The Joomla! component tutorial walks you through creating a Model-View-Controller (MVC) component. However, the Absolute basics of a component page also mentions that a component doesn't have to be MVC; it claims that a flat model is supported, but then spends no time explaining how it's supposed to work.
Quite simply, actually. A component has a startup file with the name that matches the component's element without the initial com_ (e. g. the startup file for com_foobar would be foobar.php). Joomla executes that file, intercepts whatever output it generates, and inserts that output into the content area of the HTML document, surrounded by the template and the modules.

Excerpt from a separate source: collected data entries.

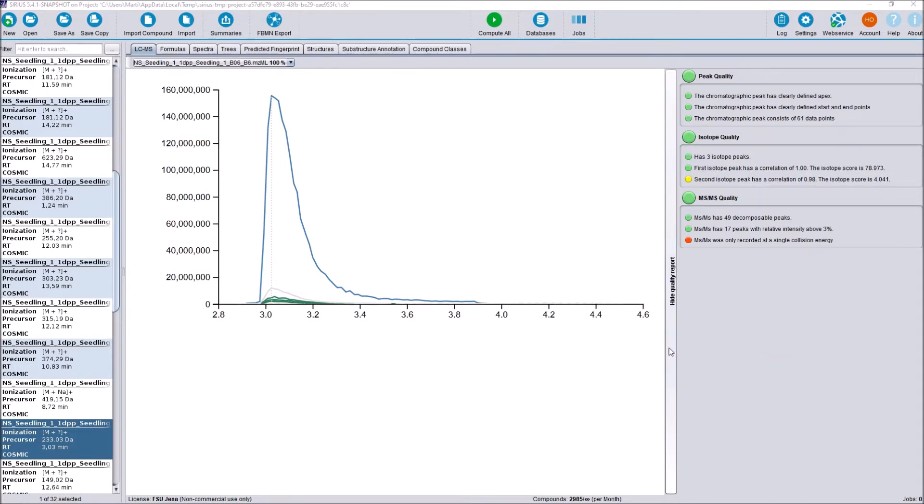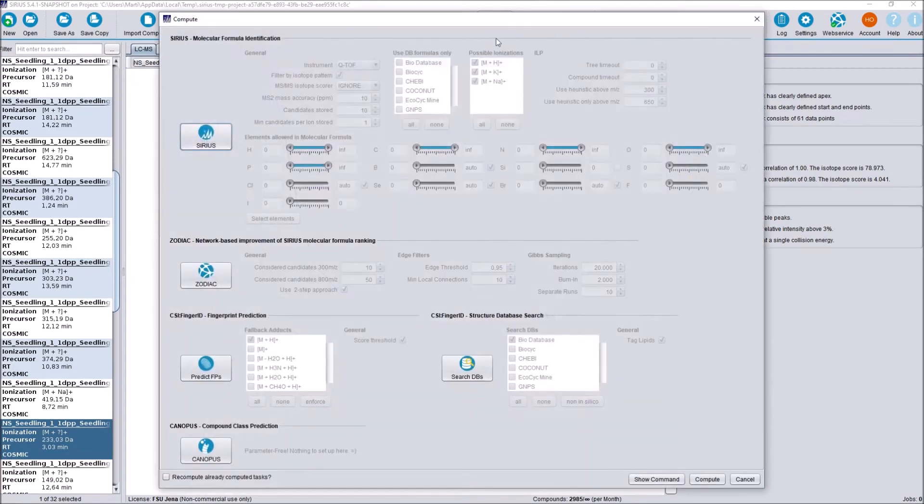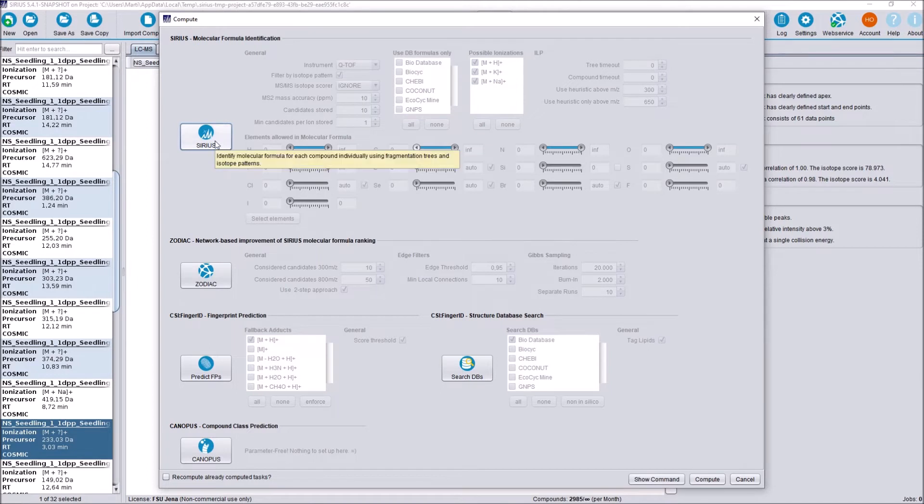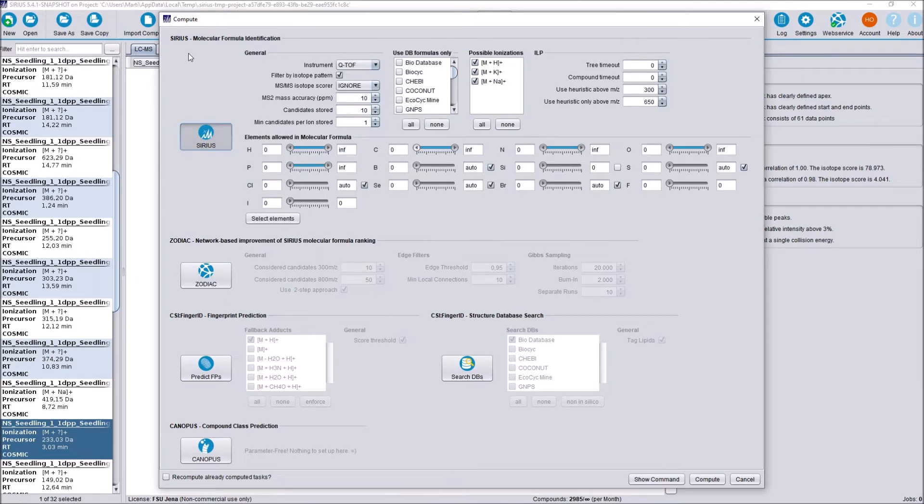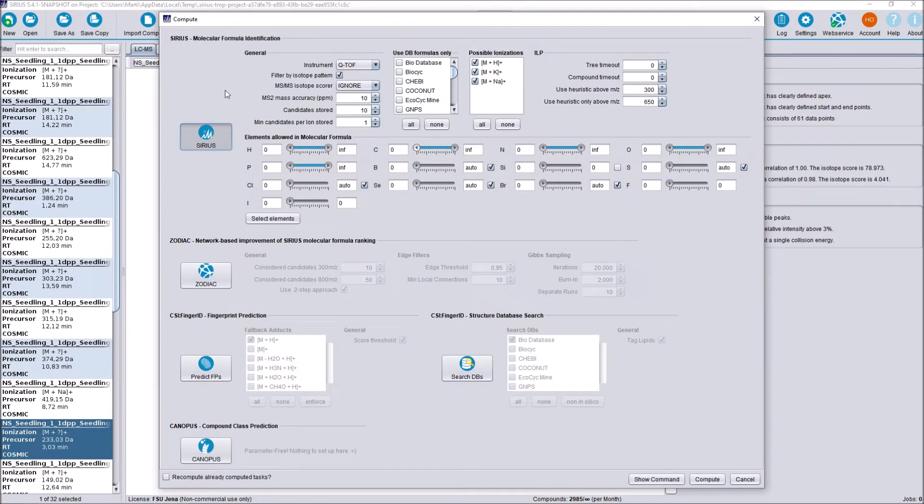Now we can start our computation. As usual, we are going to compute all here to go over the changes in the compute dialog. For starters, in the SIRIUS molecular formula identification part, you can see some minor description changes here. These, however, are only text changes. There are no functional changes. It's only to improve clarity.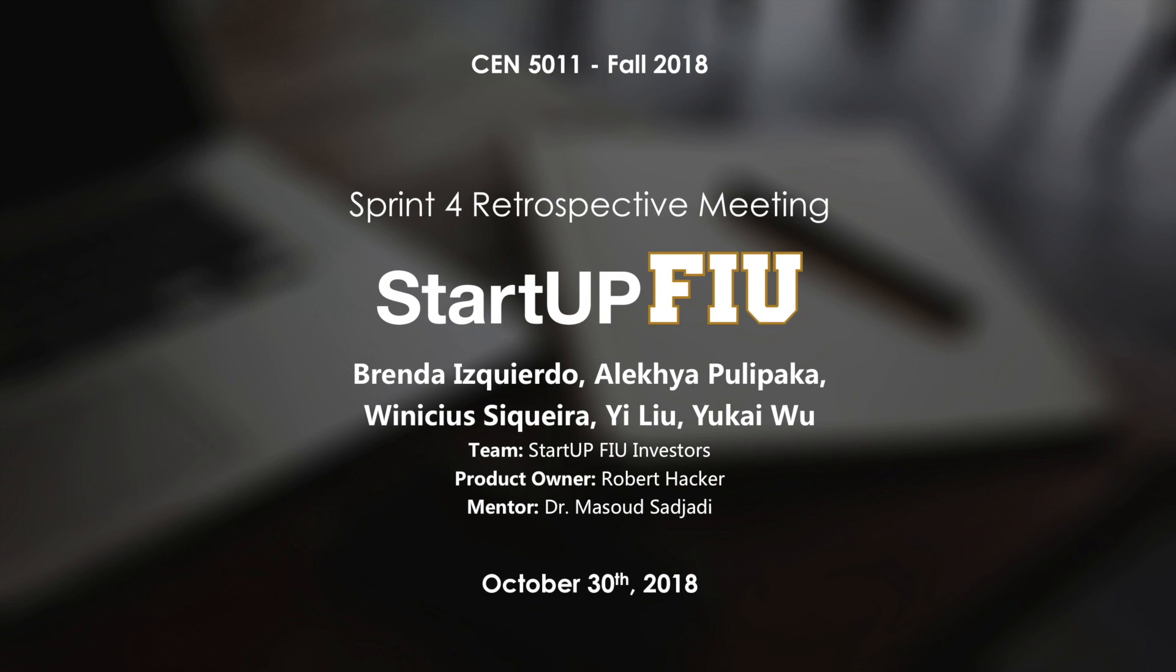Hello, my name is Brendi Izquierdo. I'm from the investors team and this is our Sprint 4 Retrospective Meeting video. My teammates are Alikia Pulipaka, Vinicius Sequeira, Yi Liu, and Yukai Wo. Our product owner is Robert Hacker and our mentor is Dr. Masood Zajadi.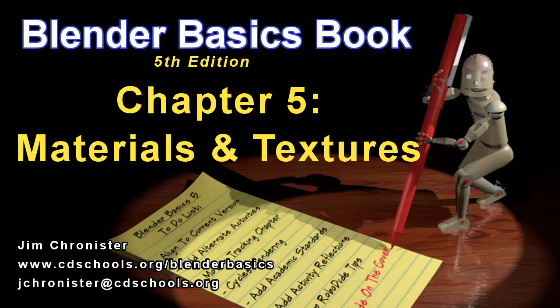Hello and welcome to the Blender Basics video series. These videos are designed to accompany the chapters found in the Blender Basics tutorial book, and not as a replacement. So if you don't have the book, head over to www.cdschools.org/BlenderBasics to download a free copy.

Joomla knows which component to invoke by checking the option parameter in the query string. So navigating to index.php?option=com_foobar would execute our component. I haven't figured out yet if/how one can expose a flat model component via SEO friendly URLs. I haven't figured out, either, if/how components like this can register their menu item types. MVC ones can, that's covered in the tutorial.
Joomla uses output buffering to capture the output of the component, so none of the document's initial HTML is emitted before the component is done working. This way, a component can also manipulate HTTP headers, including redirection - something it won't be able to do, were Joomla to render the document in order. If the component doesn't want the rest of the document around its output, it's free to call exit in the end. That will flush the output buffer to the wire instead of letting Joomla capture and handle it.
A flat component like this only needs an XML manifest, the startup file under the "site" subfolder, and index.html under site to comply with the Joomla convention.